Advisers keeping investments in-house
Interestingly one peer, Syndaxi Financial Planning director Robert Reid suggests that Investment Quorum, by setting up a successful discretionary fund management business with a compact team, may well have encouraged other advisers to create their own CIPs rather than necessarily outsource.
Robertson says that he would have been surprised by some of the changes of direction from the original plan though not all.
“We weren’t a hundred percent fee based but we saw the direction of travel. We were very early adopters of platforms, but I don’t think that we envisaged at outset the fact that seven years later we would be going DFM and recruiting an investment professional from a big investment house. For us, that was the big difference,” he says.

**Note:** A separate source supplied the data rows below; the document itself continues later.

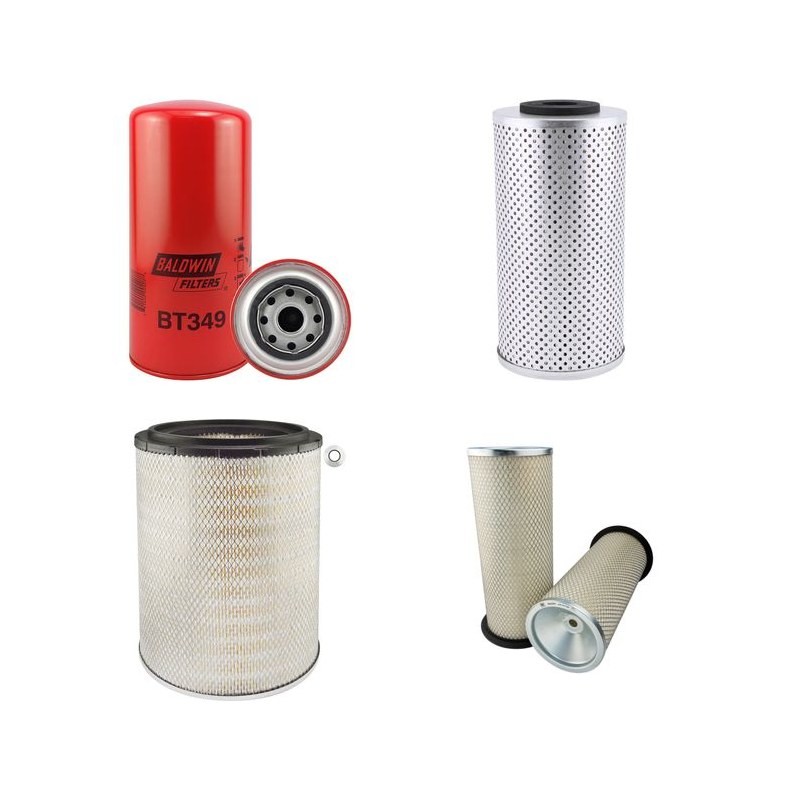 LAVERDA L 521 MCS Filter Service Kit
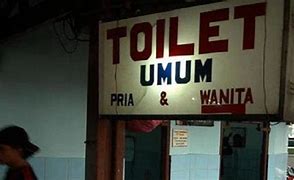 Toilet Umum Terdekat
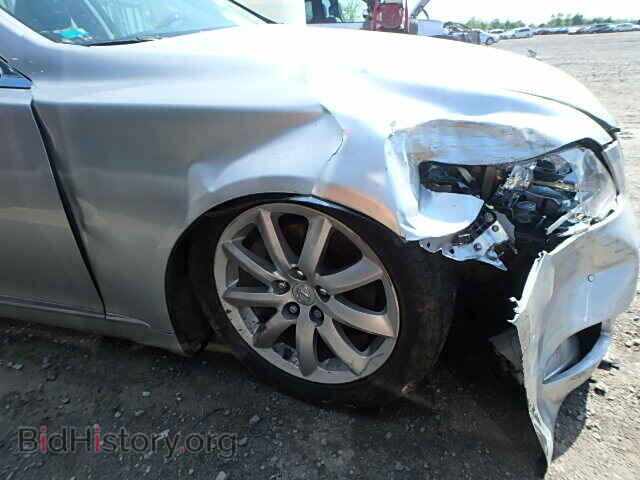 2007 LEXUS LS460 - VIN: JTHBL46F175003259 - Фото 10
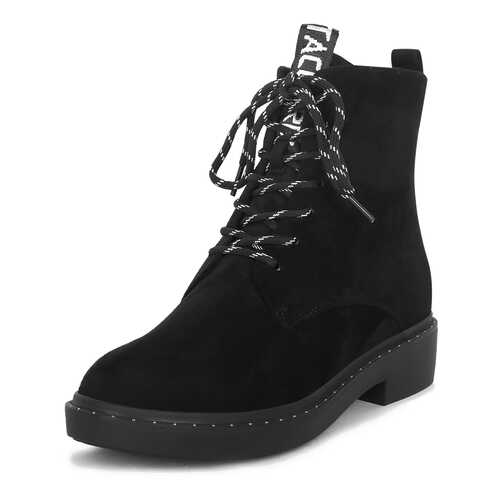 Ботинки женские T.Taccardi K0583MH-2 черные 37 RU в Карло Пазолини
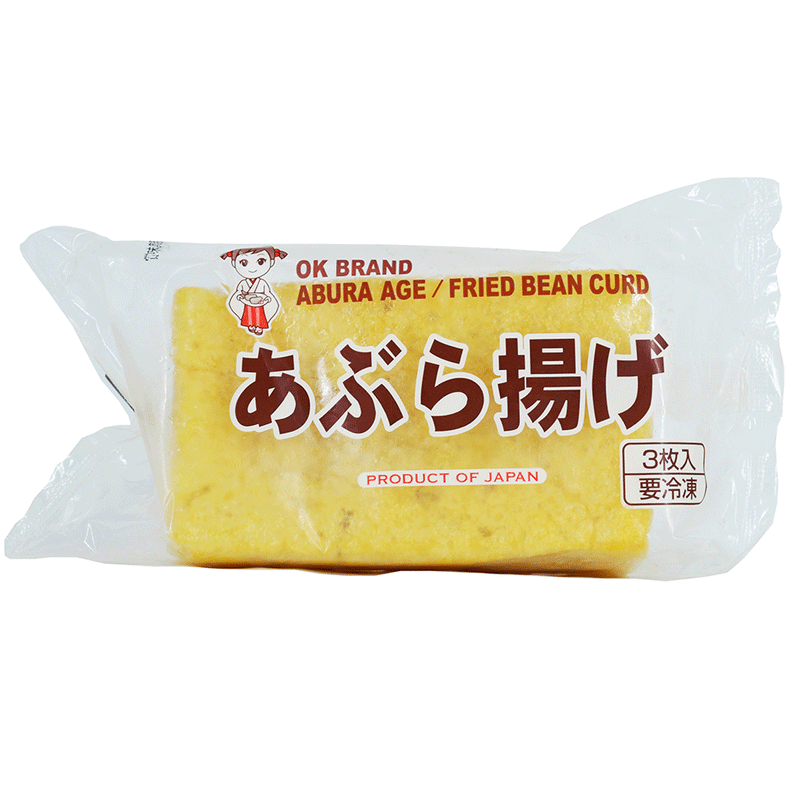 Yamato Aburaage - 48 gr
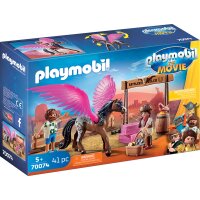 Playmobil PLAYMOBIL: THE MOVIE 70074 - Marla, Del und...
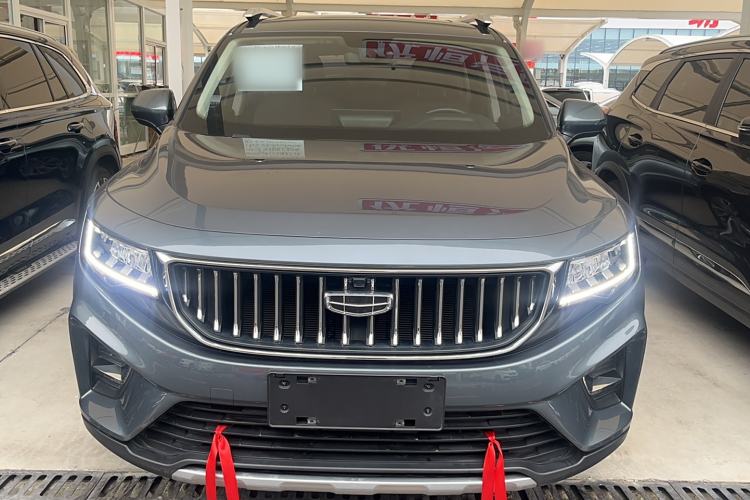 Used Geely Auto Haoyue 2022 1.8TD DCT Luxury 7-Seater Exterior 1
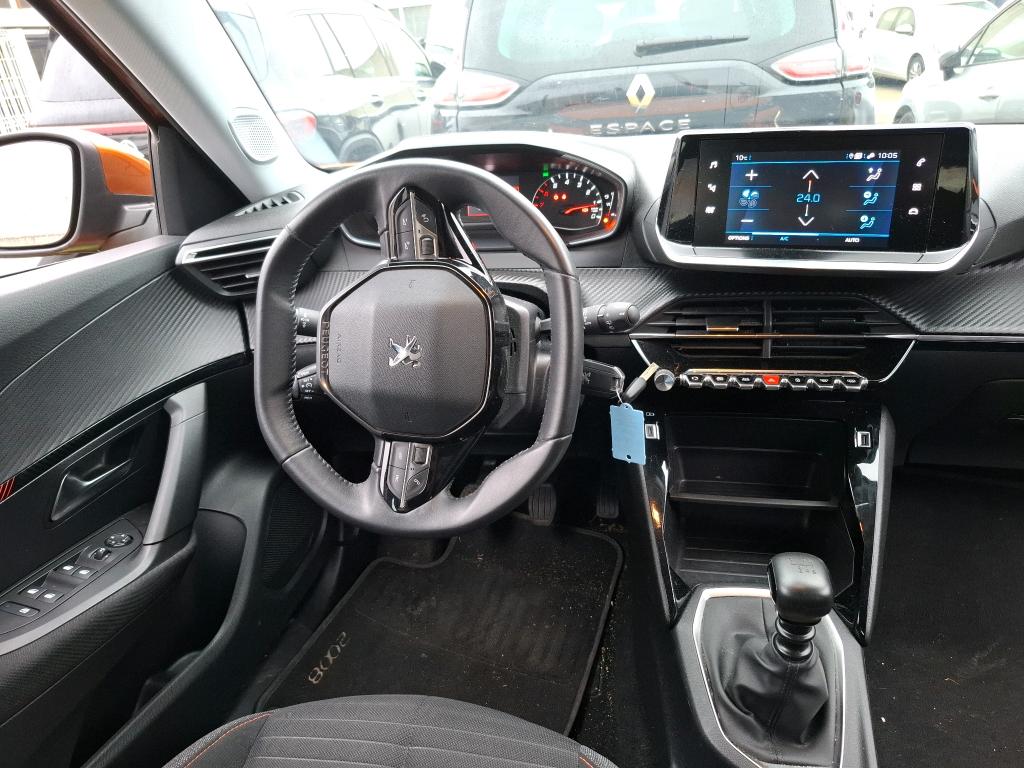 Peugeot 2008 BlueHDi 110 S&S BVM6 Active Business 2021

Beating the banks during the financial crisis
In addition, he feels that the financial crisis, which struck a little before the mid-point in the life of the business, allowed firms such as IQ and other advisers to demonstrate how client centric they were.
He says: “One of the great bits of feedback we got from our clients during that whole period was that we were about the only people talking to them. The banks pulled the shutters down and weren’t talking to them.
“As advisers we were on the phone – explaining to clients what was going on, addressing whether they wanted to stay invested, saying not to panic, explaining they should be moving money if it was in just one bank, because of the compensation limits. We did that proactively for clients who felt ignored when they tried to contact their bigger financial institutions. That underpinned a really good period for client relations although it was traumatic for everyone. The advisory community – the good advisers certainly – were incredibly proactive.”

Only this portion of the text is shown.